I went into this knowing that this book tells two stories and alternates between Darcy's life and the novel that she wrote. I thought going into this that she was writing the novel as the story was being told. Which I think would have been better, I thought we'd be able to see how the world around her influences the story as she tells it. Instead, the novel is already written and has been purchased by a publisher. But Darcy does do rewrites during the course of the novel, and so you do get to see how her life has an impact on those, as well as why she changes certain things and what the publisher would like to be changed. But the version of Darcy's novel that the story alternates with is the final, to be published version of the novel.

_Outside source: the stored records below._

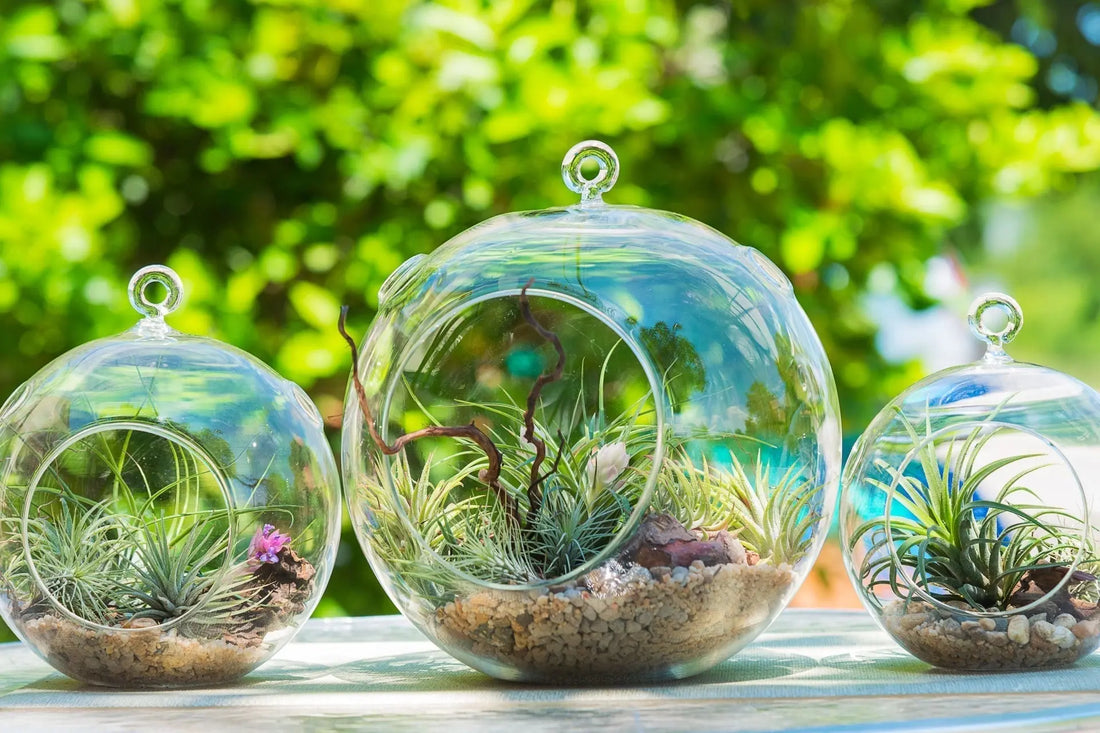 Clear glass spherical terrariums with air plants and gravel for air cleaning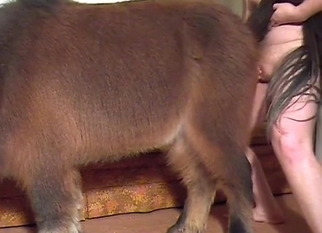 Farm animal deserves a massive cumshot
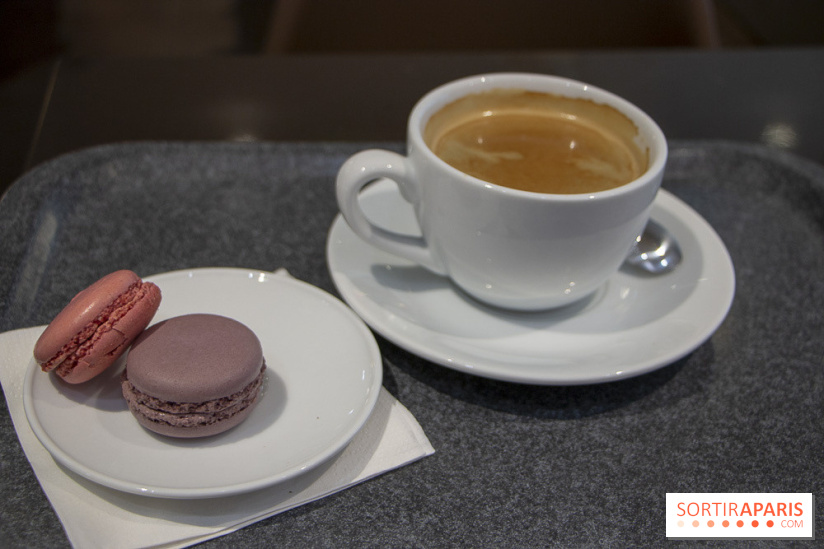 Le retour du Grand Veggie : nos photos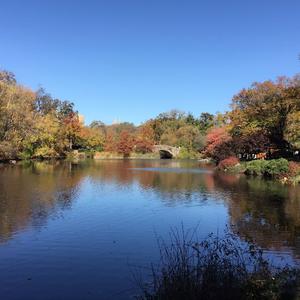 暗恋中的快乐女孩 伴奏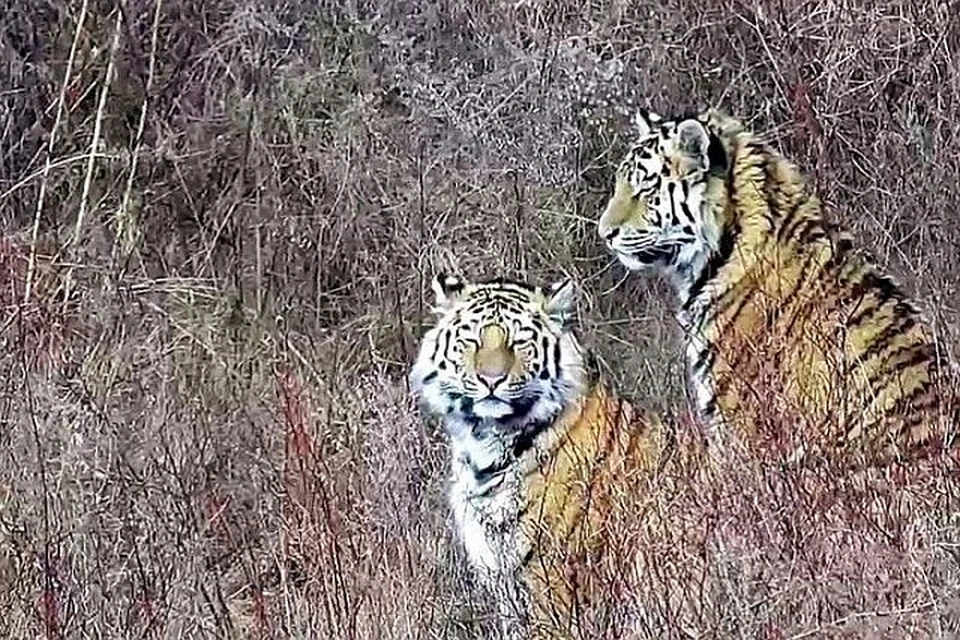 Тигр Павлик был изъят из дикой природы вместе со своей сестрой Еленой. Автор фото: МРОО "Центр "Тигр"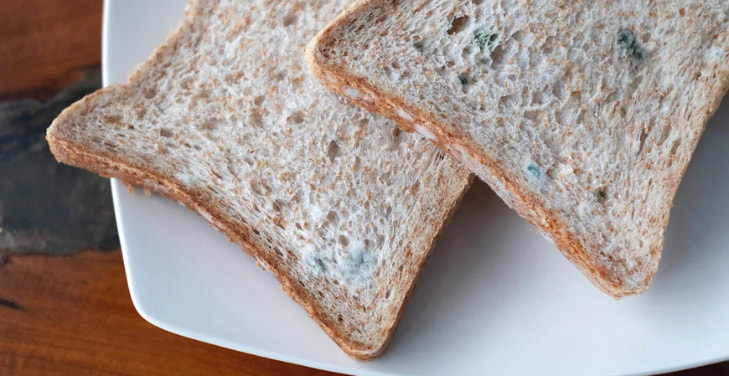 dangers-of-eating-food-with-molds
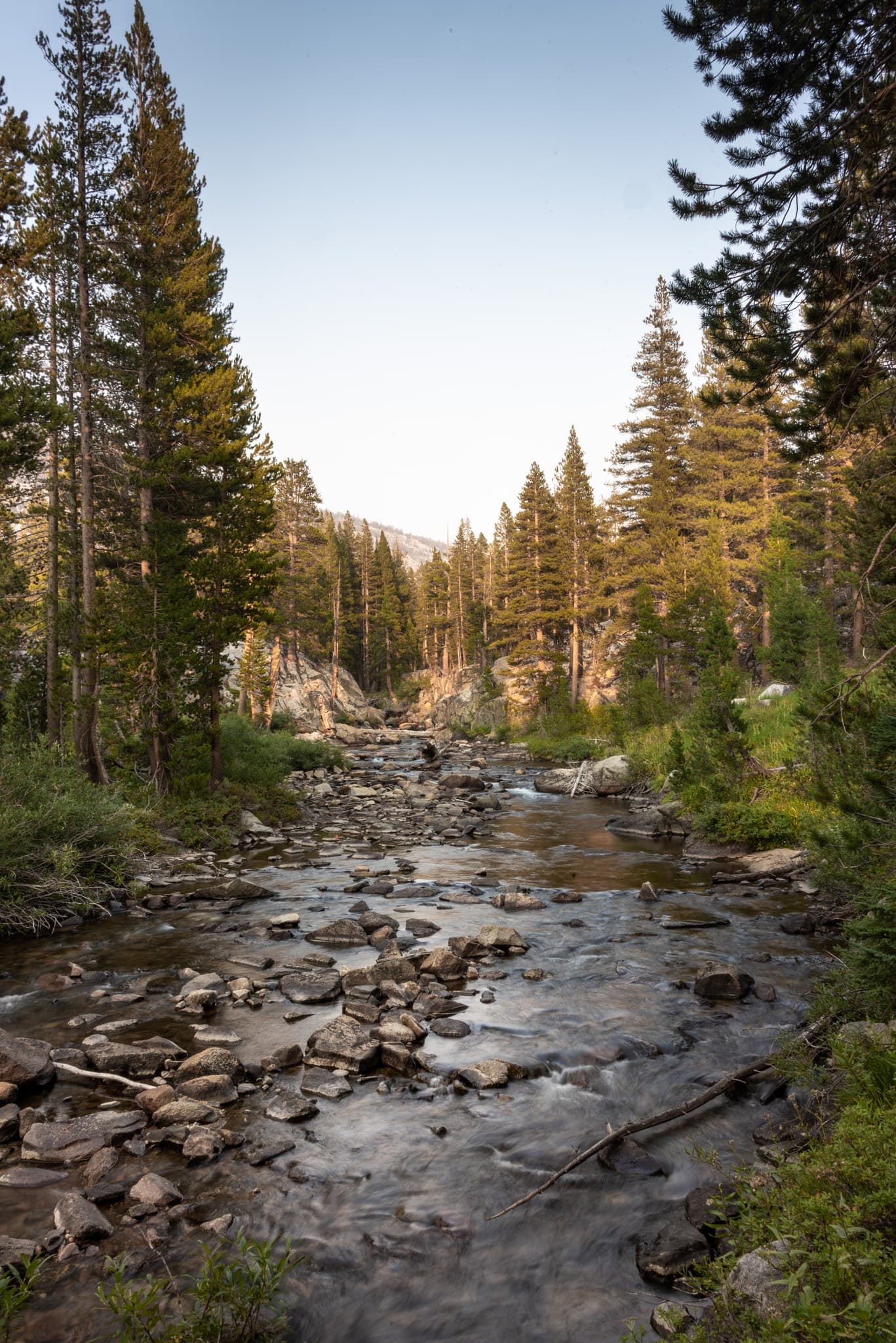 Evolution Creek west of McClure Meadow, Sequoia-Kings Canyon Wilderness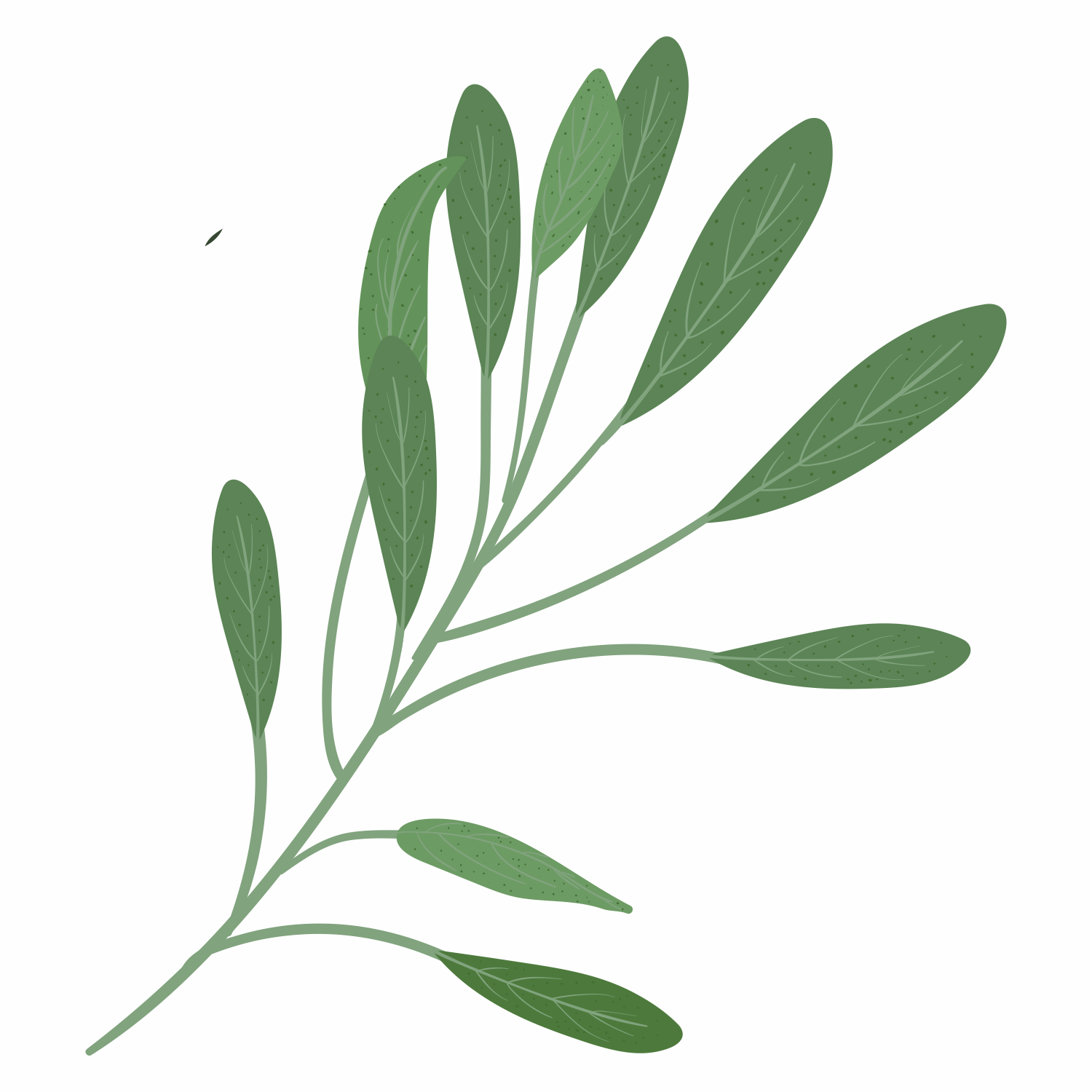 Salvia Officinalis (Sage) Oil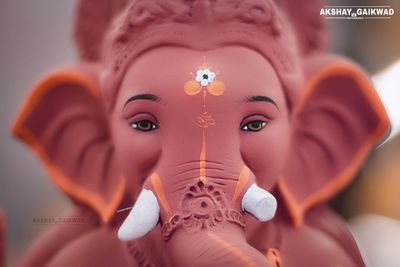 Ganpati  Bappa  Clicks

So you don't really get to see any of the changes that get made, or any of the missteps that Darcy made during the initial writing of the novel.

 

This leads me to my main issue with this story: believability. Darcy's novel, Afterworlds, is about a girl who has a near death experience and ends up being able to interact with the afterlife and can see ghosts and in theory will end up at some point serving as a sort of grim reaper. She also falls in love with another psychopomp, who died about 3,000 years ago. And still, Lizzie's story is more credible than Darcy's.

 

Here is Darcy's story: When the novel starts she is 18 years old and moving to NYC on her own to be a real writer. She had written this entire novel during a one month period (this month HAPPENS to have been November and yet NO reference is made to NaNoWriMo which seems bizarre to me) while she was a 17-year-old senior in high school and sent it off to publishers. This book was then purchased as a prospective trilogy and she was paid $300,000 for the first two books in this series. She then moves to NYC and almost immediately finds this amazing apartment that just inspires her to write her little heart out. She also almost immediately finds herself in her first ever serious relationship with a girlfriend. She is keeping secrets from her family, but they all come out and everybody is happy. She stresses about her deadlines for rewrites and submission of her second book, but meets all of these with time to spare. Her only issues with her girlfriend are petty nonsensical things that get resolved. Her life has NO conflict. There is NO struggle. She doesn't have to overcome ANY obstacles to accomplish anything and everything is just handed to her. Not to mention, I don't know a whole lot about the publishing world, but I am 100% sure that a publisher will not pay you a ridiculous sum of money for a trilogy or series of books without you having AT LEAST outlined the overall arc of the series, and I think they require at least general outline/concept ideas for each book that will be in said series. At the beginning of this book, Darcy has NO IDEA what book two in her series will be about. This seems crazy unrealistic for me, a publisher is not going to buy a book from you that doesn't even have an outline, I'm sorry.

 

Afterworlds, the novel within this novel, is not without its issues. It just seems like there is a lot going on and all of it doesn't necessarily connect. There were multiple plot threads that could have been developed and just weren't. Lizzie is not a very well developed character, but none of the characters in the story are.

 

I think that both of these stories could have used some work. I haven't read any other novels by this author and I hate when I don't like the first novel I read by an author because it makes me not want to read any of the others.